Over the past few days as I have reflected on the type of man my dad is, the one word I keep coming back to is simple. What exactly does that mean? To me it means he was uncomplicated. He lived a simple life. But most importantly the simplest things made him smile. Like the call on the way home from work to talk about nothing and everything, how he called to sing us happy birthday at the time of our birth every year, it was the handwritten note on yellow legal paper in the mail, it was the quick text thanking us for calling him because it made his day, the way he always started a voicemail, telling us the exact time in our time zone, how he just wanted barbeque for dinner or German chocolate cake for his birthday, how he loved buckeyes at Christmastime and you couldn’t trust a bag of Oreos around him for longer than five minutes. How he could sit at the pool or beach for hours on our annual beach trips and go through a book a day. How he would eat M&Ms by the handful if his beloved dog Buster didn’t get to them first. Those are just some of the fond memories we will hold on to forever.

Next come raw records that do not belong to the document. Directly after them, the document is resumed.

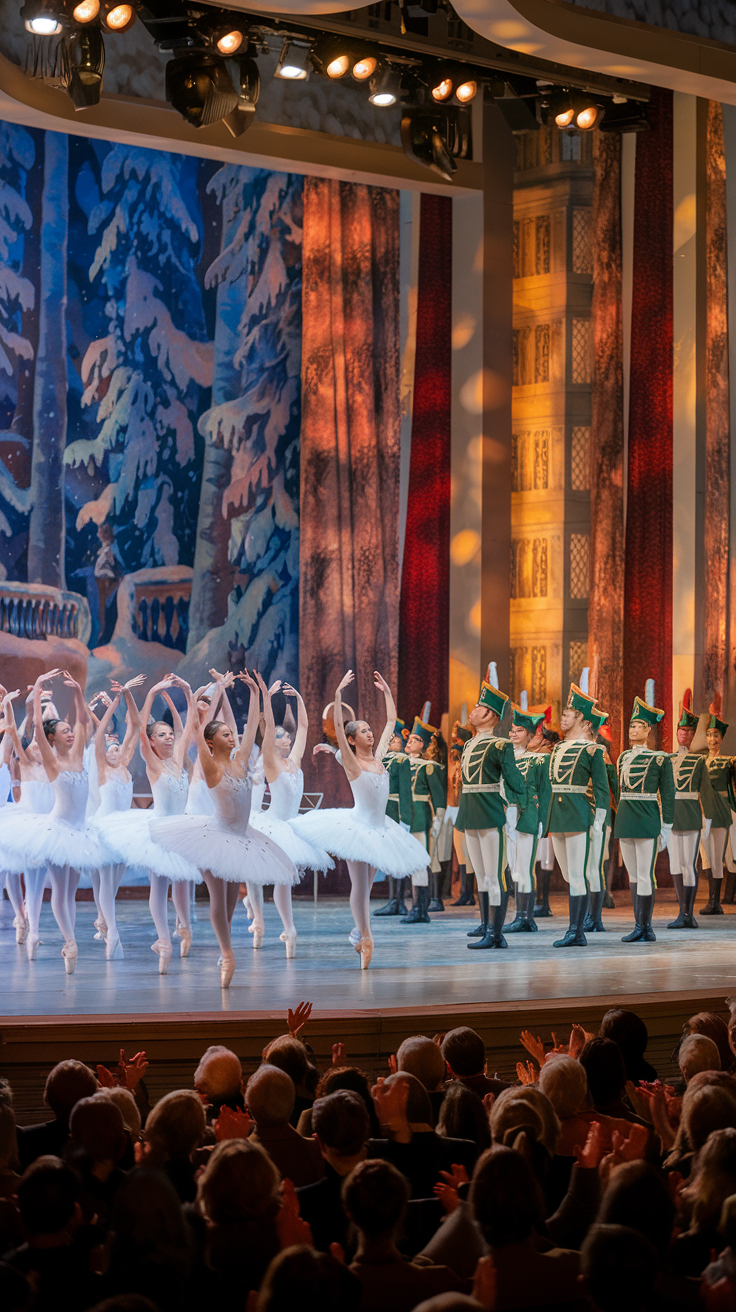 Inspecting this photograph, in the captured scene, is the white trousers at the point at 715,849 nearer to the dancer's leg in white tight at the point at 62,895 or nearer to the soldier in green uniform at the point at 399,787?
the soldier in green uniform at the point at 399,787

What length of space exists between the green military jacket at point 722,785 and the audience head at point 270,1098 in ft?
27.2

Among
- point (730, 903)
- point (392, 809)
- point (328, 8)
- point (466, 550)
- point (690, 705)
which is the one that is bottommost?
point (730, 903)

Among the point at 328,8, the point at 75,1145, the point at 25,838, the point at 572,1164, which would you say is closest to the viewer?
the point at 75,1145

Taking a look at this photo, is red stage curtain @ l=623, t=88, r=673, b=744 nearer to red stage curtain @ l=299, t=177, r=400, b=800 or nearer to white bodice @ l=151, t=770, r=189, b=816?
red stage curtain @ l=299, t=177, r=400, b=800

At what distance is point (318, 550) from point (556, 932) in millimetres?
4711

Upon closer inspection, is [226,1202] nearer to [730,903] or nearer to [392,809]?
[392,809]

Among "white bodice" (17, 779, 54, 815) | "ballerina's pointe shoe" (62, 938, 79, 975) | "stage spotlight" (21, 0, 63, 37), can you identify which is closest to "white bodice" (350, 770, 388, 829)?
"ballerina's pointe shoe" (62, 938, 79, 975)

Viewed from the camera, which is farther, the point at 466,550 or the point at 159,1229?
the point at 466,550

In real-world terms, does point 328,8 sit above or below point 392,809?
above

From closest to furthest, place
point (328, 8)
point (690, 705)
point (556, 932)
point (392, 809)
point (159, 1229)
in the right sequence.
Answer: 1. point (159, 1229)
2. point (328, 8)
3. point (556, 932)
4. point (392, 809)
5. point (690, 705)

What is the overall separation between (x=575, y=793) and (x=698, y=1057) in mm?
5270

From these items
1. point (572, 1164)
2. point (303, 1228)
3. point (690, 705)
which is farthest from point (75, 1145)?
point (690, 705)

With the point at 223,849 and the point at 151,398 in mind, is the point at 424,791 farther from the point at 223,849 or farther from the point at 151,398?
the point at 151,398

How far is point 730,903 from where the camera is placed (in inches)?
456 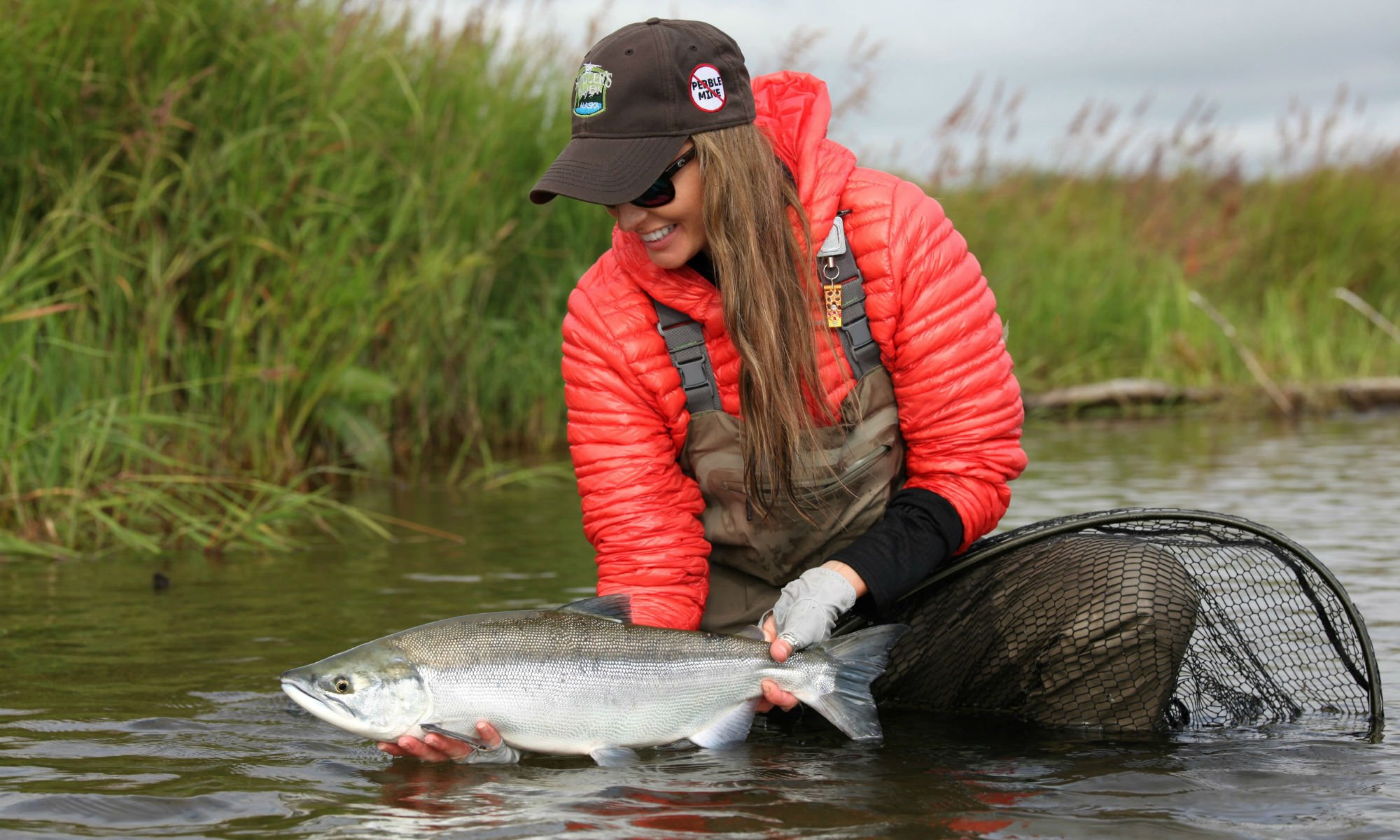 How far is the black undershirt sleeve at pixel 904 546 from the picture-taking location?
338cm

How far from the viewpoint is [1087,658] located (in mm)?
3516

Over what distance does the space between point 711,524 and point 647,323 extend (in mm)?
517

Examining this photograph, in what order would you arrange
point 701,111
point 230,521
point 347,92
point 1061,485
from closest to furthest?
1. point 701,111
2. point 230,521
3. point 347,92
4. point 1061,485

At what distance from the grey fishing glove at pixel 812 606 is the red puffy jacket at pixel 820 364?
0.34 meters

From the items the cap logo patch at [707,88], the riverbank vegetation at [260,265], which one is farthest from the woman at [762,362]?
the riverbank vegetation at [260,265]

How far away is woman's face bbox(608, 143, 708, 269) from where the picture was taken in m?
3.32

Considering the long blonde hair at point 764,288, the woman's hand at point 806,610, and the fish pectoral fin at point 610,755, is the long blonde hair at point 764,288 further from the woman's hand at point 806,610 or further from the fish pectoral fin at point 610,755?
the fish pectoral fin at point 610,755

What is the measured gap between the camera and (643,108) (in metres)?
3.24

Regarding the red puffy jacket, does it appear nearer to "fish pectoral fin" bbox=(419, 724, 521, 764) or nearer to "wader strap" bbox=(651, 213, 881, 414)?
"wader strap" bbox=(651, 213, 881, 414)

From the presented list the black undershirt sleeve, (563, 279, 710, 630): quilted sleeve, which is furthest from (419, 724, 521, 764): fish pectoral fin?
the black undershirt sleeve

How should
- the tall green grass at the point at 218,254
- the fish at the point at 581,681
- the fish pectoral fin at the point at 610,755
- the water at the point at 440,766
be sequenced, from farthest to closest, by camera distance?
the tall green grass at the point at 218,254 → the fish pectoral fin at the point at 610,755 → the fish at the point at 581,681 → the water at the point at 440,766

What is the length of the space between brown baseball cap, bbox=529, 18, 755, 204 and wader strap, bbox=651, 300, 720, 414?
44 centimetres

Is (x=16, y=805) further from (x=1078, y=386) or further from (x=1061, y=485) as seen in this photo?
(x=1078, y=386)

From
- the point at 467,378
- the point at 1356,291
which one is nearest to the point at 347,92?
the point at 467,378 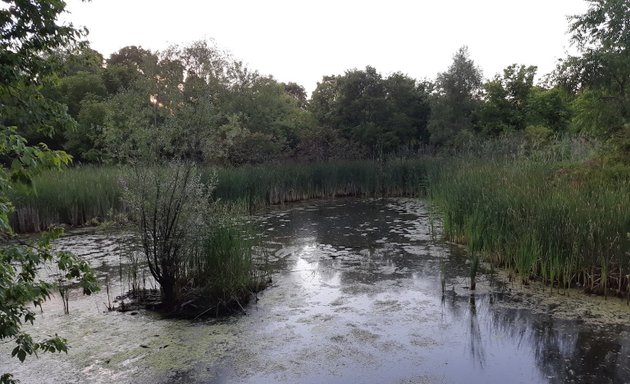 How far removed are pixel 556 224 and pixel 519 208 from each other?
2.90ft

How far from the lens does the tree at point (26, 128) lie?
5.98ft

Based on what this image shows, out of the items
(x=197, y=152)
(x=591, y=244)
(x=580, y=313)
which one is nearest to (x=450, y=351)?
(x=580, y=313)

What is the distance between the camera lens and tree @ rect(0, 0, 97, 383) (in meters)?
1.82

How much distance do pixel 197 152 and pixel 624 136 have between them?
6429 mm

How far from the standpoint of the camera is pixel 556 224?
5.07 meters

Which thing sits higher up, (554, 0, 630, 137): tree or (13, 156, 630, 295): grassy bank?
(554, 0, 630, 137): tree

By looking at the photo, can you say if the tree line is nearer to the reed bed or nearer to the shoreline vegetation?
the reed bed

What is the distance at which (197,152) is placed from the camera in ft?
16.6

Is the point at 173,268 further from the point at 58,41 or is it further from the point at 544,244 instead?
the point at 544,244

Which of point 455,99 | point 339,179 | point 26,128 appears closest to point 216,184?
point 26,128

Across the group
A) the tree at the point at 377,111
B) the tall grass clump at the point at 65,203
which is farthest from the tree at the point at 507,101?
the tall grass clump at the point at 65,203

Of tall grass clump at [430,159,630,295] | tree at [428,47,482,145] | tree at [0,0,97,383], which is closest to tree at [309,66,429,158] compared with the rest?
tree at [428,47,482,145]

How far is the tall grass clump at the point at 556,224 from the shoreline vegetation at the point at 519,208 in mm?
11

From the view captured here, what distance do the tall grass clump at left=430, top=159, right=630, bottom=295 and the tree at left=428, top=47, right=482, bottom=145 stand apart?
12.7 metres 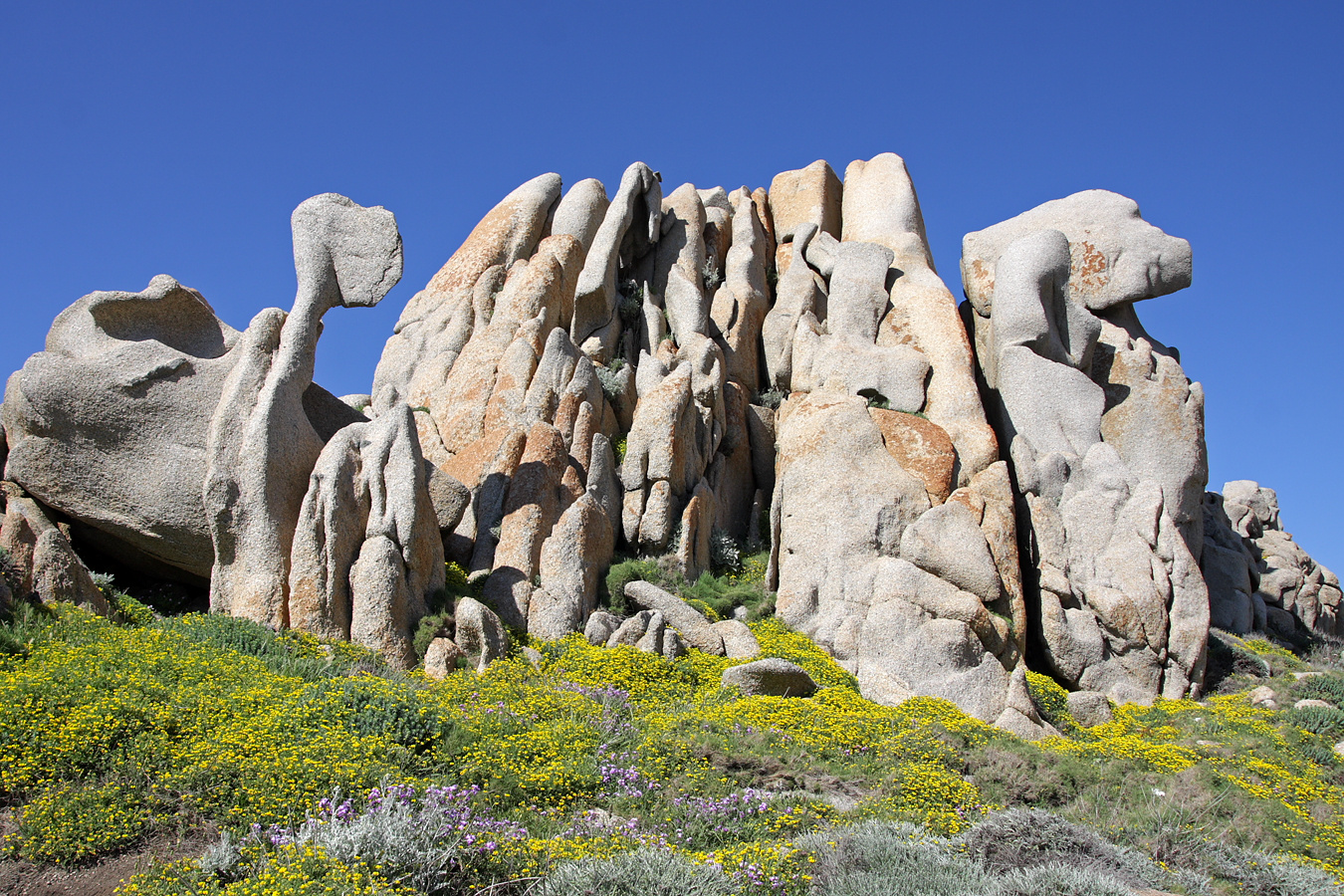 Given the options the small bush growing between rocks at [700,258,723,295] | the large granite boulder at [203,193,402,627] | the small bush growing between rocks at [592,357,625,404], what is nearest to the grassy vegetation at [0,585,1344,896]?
the large granite boulder at [203,193,402,627]

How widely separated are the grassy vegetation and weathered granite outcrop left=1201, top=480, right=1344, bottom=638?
9.69 meters

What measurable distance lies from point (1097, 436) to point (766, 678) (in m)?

We are all trying to make sense of my dad’s untimely passing. How can God take from this earth a man who loved so simply and genuinely and lived a life serving others. Someone who brought laughter to every situation with the slightest remark? I don’t know if there’s a reason. I don’t know if there’s a way to explain it. But in these times, in search of an answer, when the one person who I could always count on for practical words of wisdom is no longer here, what do I do?
Not long ago on June 30 my dad sent me an email. It was the day before my baby was officially due. I didn’t even have to tell my father I was anxious for her arrival, he just knew. And only now do his words truly make sense to me and bring comfort. I’ll share that email with you now:
Ms. Liz – You can ignore or maybe this will make sense. Or I could be all wrong but…. I know you have been looking forward to your due date. I can’t comprehend your discomfort. I have yet to learn how to easily accept disappointment. Maybe you are better? Regardless, Markita (my dad’s nickname for Sloan) will get here in God’s Time. I have learned if I can accept His Will just for today my days are easier. I am here to think of Him and ask Him for the strength and willingness to accept His Will for my life today. I’m not in charge and God knows best. This is where our personal relationship with God gives us strength and hope. Good luck! I am thinking of and praying for you throughout my days.
His words bring me comfort knowing that this is how my father lived. And he accepted the will for his life, even if it means his fight with cancer ended too soon. If he could say one more thing to all of us here today, would he say Roll Tide Roll, or would he give us one last piece of advice “Live simply and do good for others.” I’ll let you decide.